Qwest has not opened its services to local competitors and so we don't have local phone service competition.  They are also withholding millions is fees from the City of Portland, triggering a budget shortfall and a cut in services. This editorial from the January 24, 2002 New York Times says the rest.


January 24, 2002


Fair Local Phone Rates


The New York Public Service Commission helped jump-start competition for local phone service yesterday when it ordered Verizon to further discount the wholesale rate at which it leases its lines to competing companies trying to enter the New York market. The move is not only beneficial to state consumers; it could be of vital importance to the nation's overall economy.
In recent years, healthy competition has revolutionized the market for many telecommunications products, from long distance to cellphone services. Local service, however, remains a near-monopoly, firmly in the hands of the Baby Bells, including Verizon, that were created by the breakup of AT&T in 1984 and control the "last mile" of wire into consumers' homes and offices. Nationwide, competitors to the Baby Bells provide local service to less than 10 percent of all phone lines, and only 5 percent of all residential lines.

It was not supposed to end up that way. One of the goals of the landmark 1996 Telecommunications Act was to unleash the same competitive forces on the $110 billion market for local phone service that had previously transformed the long-distance market. The Baby Bells were meant to lease parts of their networks to competitors for a "reasonable and just" wholesale rate. In return, the legislation allowed the Baby Bells to enter the long-distance market.
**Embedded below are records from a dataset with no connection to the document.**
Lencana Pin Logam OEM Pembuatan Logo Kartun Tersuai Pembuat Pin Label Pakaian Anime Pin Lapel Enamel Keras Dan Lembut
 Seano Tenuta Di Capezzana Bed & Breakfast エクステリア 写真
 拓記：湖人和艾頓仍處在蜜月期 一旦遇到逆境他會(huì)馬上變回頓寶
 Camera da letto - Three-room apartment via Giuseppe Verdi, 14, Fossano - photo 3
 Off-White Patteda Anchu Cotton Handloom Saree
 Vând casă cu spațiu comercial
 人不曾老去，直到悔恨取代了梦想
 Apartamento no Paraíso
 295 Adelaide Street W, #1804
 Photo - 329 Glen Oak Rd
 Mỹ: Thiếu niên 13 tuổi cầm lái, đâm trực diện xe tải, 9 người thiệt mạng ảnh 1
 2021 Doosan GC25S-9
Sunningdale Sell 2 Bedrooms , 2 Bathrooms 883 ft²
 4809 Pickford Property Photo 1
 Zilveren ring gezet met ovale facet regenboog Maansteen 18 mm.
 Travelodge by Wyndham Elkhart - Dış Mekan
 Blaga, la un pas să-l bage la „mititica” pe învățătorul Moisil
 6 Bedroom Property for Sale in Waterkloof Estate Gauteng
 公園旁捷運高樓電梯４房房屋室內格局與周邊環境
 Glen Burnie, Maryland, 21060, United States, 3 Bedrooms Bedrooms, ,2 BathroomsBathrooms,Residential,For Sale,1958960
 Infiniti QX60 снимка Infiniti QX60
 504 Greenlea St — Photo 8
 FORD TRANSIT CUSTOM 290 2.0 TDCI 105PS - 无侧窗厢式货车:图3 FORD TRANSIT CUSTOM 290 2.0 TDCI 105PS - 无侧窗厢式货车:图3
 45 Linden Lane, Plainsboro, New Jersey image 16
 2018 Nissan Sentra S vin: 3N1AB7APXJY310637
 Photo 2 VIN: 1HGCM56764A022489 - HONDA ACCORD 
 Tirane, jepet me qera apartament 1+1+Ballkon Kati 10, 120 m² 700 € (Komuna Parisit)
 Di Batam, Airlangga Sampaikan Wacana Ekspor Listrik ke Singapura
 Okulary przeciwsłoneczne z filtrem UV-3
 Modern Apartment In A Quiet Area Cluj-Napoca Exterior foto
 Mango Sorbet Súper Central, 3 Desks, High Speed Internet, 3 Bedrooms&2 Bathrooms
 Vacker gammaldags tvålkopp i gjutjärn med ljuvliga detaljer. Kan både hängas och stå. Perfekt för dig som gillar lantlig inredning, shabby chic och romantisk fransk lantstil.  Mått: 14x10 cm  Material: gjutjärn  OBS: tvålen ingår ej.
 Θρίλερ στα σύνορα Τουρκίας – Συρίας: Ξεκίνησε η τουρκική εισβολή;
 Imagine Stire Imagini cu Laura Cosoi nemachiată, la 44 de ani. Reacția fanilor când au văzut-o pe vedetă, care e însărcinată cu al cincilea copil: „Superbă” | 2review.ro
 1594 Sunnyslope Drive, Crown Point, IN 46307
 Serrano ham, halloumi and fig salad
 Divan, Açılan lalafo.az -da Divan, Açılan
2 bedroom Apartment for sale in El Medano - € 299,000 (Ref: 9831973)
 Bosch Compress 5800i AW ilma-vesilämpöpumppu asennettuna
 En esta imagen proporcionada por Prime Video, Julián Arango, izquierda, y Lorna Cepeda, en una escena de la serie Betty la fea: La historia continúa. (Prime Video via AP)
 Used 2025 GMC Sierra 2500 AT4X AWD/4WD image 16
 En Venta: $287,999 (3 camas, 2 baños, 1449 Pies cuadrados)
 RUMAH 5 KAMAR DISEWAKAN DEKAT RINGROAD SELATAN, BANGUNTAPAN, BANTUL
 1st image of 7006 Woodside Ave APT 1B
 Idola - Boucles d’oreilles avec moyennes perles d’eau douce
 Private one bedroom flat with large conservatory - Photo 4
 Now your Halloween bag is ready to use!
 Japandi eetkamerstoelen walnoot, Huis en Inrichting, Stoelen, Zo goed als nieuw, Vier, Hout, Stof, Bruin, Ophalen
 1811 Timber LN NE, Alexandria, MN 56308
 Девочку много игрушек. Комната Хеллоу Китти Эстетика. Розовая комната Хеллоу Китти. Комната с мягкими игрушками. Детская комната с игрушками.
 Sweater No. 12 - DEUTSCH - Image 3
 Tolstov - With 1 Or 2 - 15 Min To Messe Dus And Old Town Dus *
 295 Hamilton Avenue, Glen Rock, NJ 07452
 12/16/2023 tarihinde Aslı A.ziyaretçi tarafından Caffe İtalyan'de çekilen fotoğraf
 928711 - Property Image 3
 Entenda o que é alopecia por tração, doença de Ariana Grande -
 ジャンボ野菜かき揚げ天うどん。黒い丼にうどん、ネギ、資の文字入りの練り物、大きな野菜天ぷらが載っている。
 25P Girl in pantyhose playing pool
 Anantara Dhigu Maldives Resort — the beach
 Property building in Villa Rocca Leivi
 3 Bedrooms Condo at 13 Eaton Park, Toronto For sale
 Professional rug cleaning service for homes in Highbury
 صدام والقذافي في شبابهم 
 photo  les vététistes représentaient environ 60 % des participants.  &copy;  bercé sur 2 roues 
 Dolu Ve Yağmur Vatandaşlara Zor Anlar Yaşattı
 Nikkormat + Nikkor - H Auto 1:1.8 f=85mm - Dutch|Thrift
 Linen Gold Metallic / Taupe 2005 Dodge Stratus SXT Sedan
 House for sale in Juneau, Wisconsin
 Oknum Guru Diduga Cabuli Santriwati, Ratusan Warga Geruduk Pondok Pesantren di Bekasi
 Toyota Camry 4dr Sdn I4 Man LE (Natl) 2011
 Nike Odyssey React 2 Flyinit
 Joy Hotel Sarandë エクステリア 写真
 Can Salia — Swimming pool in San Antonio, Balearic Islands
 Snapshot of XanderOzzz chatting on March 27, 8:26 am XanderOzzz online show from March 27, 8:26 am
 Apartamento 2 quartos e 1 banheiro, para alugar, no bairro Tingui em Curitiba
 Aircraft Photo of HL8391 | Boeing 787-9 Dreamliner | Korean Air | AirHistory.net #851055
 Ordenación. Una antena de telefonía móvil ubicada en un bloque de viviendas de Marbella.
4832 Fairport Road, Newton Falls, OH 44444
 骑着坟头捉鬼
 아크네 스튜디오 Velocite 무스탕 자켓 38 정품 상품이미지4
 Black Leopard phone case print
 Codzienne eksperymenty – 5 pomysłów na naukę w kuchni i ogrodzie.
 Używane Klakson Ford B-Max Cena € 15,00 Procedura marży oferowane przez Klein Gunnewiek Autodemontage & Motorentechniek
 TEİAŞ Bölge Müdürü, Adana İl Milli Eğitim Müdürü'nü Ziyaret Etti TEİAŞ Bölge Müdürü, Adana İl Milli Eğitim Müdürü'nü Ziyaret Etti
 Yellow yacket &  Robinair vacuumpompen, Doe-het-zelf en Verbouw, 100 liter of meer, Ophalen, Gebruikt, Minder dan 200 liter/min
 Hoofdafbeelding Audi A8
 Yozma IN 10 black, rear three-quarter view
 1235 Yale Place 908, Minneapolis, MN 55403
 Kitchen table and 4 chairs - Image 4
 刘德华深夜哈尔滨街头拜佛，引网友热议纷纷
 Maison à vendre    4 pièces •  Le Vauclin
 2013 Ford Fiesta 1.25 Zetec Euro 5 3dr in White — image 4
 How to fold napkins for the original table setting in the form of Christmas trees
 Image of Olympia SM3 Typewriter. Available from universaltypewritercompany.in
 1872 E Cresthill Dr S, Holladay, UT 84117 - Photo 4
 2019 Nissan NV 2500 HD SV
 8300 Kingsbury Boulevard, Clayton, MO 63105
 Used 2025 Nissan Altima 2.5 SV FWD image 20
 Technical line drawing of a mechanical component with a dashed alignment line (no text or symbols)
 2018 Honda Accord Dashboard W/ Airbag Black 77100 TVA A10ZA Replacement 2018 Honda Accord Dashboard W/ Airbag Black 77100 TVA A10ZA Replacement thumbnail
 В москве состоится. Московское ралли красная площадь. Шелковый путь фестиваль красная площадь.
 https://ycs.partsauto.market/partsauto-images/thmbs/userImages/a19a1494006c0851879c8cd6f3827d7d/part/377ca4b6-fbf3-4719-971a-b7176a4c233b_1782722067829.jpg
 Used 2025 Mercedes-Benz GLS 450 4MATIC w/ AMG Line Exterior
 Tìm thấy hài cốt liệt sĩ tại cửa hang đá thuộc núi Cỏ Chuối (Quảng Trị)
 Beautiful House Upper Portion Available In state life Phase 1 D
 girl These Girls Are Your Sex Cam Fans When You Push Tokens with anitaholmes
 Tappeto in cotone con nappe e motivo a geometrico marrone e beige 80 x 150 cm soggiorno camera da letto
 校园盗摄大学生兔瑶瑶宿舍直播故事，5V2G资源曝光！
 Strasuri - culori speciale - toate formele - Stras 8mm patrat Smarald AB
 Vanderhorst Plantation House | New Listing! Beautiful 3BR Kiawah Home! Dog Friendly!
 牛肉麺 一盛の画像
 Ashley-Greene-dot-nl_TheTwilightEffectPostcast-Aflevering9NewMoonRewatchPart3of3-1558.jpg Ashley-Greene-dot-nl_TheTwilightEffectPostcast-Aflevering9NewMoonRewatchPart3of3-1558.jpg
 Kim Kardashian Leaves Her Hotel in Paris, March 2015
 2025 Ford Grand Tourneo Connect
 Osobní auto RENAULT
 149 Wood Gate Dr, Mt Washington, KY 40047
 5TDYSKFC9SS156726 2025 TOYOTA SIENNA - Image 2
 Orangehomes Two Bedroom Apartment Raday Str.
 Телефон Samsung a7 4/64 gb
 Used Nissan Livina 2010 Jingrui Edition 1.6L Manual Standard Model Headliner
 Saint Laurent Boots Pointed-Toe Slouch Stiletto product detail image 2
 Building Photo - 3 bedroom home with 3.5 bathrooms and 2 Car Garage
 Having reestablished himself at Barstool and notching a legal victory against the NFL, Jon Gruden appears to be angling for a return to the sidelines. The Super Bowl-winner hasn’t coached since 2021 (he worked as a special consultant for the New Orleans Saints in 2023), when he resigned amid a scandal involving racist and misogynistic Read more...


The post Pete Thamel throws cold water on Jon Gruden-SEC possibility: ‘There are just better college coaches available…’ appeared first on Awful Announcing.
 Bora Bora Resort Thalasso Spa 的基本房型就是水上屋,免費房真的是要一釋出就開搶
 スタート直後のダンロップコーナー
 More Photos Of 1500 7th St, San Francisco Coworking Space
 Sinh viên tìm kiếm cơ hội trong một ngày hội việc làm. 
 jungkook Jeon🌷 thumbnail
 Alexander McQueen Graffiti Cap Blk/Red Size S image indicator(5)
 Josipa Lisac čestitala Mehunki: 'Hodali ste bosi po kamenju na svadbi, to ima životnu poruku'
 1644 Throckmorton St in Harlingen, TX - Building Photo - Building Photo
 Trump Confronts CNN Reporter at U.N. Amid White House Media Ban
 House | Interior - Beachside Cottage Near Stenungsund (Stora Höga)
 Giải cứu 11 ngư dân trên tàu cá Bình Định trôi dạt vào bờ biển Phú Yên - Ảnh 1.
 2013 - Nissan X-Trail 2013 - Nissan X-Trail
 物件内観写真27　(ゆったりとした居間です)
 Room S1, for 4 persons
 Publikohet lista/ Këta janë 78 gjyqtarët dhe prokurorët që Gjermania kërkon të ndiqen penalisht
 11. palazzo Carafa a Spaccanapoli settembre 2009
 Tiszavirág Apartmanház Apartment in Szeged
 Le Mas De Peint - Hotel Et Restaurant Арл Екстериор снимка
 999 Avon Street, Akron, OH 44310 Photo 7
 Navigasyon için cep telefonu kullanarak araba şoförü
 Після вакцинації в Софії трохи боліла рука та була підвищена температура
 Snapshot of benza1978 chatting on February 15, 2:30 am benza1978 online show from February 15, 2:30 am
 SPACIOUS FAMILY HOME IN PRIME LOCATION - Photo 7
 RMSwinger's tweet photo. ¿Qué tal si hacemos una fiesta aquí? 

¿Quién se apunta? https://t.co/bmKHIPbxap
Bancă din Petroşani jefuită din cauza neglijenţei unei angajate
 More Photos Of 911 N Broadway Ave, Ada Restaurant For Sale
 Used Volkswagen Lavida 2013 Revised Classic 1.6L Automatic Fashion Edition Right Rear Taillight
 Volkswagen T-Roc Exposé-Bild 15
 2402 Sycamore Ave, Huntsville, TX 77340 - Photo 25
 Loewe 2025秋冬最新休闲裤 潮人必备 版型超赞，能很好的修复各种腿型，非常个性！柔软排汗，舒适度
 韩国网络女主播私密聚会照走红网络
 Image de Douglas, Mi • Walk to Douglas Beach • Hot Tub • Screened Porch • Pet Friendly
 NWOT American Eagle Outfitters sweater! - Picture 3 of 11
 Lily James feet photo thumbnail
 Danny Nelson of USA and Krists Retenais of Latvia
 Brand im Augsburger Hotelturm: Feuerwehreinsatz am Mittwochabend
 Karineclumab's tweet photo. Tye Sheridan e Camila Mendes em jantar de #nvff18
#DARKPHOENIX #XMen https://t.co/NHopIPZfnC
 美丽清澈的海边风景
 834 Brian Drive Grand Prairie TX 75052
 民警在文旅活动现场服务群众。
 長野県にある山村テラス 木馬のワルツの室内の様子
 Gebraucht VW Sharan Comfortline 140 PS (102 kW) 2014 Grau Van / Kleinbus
The danger now is that the bargain at the heart of the law will be betrayed ‹ that the Baby Bells will be able to provide long-distance service without honoring their obligation to open their home markets to real competition. Last month, however, proponents of competition finally had reason to cheer. The U.S. Court of Appeals for the District of Columbia asked the Federal Communications Commission to reconsider its decision to allow SBC, a local phone company, to provide long-distance service in Oklahoma and Kansas. The court found that SBC was not keeping its side of the bargain imposed by the Telecommunications Act, since the wholesale prices it charged new entrants in the local market were too high to allow effective competition.